:: Dataset items ::
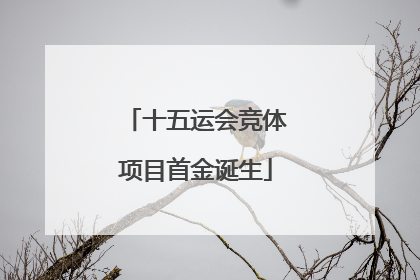 十五运会竞体项目首金诞生
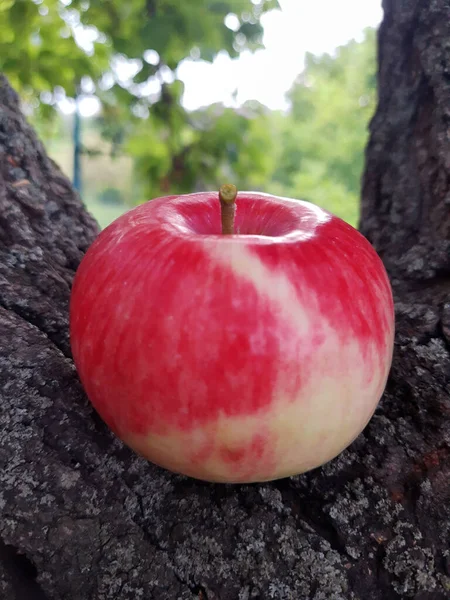Ripe Red Apple Tree Trunk Close Beautiful Ripe Apple — Stock Photo, Image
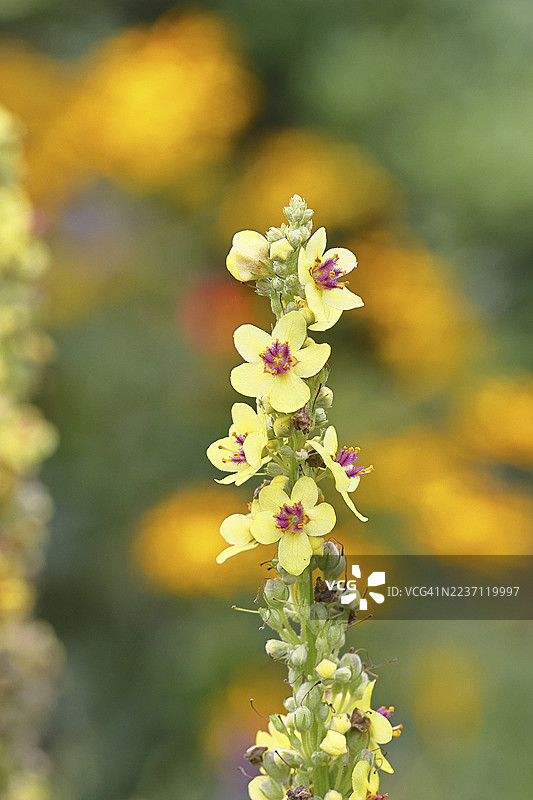 黑蜀葵(毛鼠尾草),花,花序,在自然花园中,特写,德国北莱茵-威斯特法伦州维尔恩斯多夫图片素材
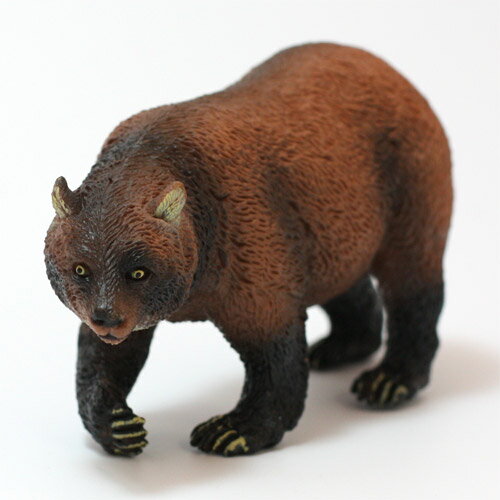 Rakuten - ANIMAL CLASSIC BEAR　（アニマルクラシッククマ）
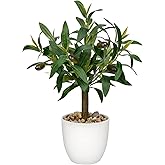 Artificial Olive Tree15'' Small Faux OliveTree Fake Olive Plants with White Pot for Home Bedroom Table Shelf Office Hotel Decor, Briful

:: WORK TO BE COMPLETED ::
Each line from the one containing "Rakuten - ANIMAL CLASSIC BEAR　（アニマルクラシッククマ）" through the last line of the entries above is to be extracted exactly. Pictures are not part of the copy.

:: EXERCISE RESPONSE ::
 Rakuten - ANIMAL CLASSIC BEAR　（アニマルクラシッククマ）
 Artificial Olive Tree15'' Small Faux OliveTree Fake Olive Plants with White Pot for Home Bedroom Table Shelf Office Hotel Decor, Briful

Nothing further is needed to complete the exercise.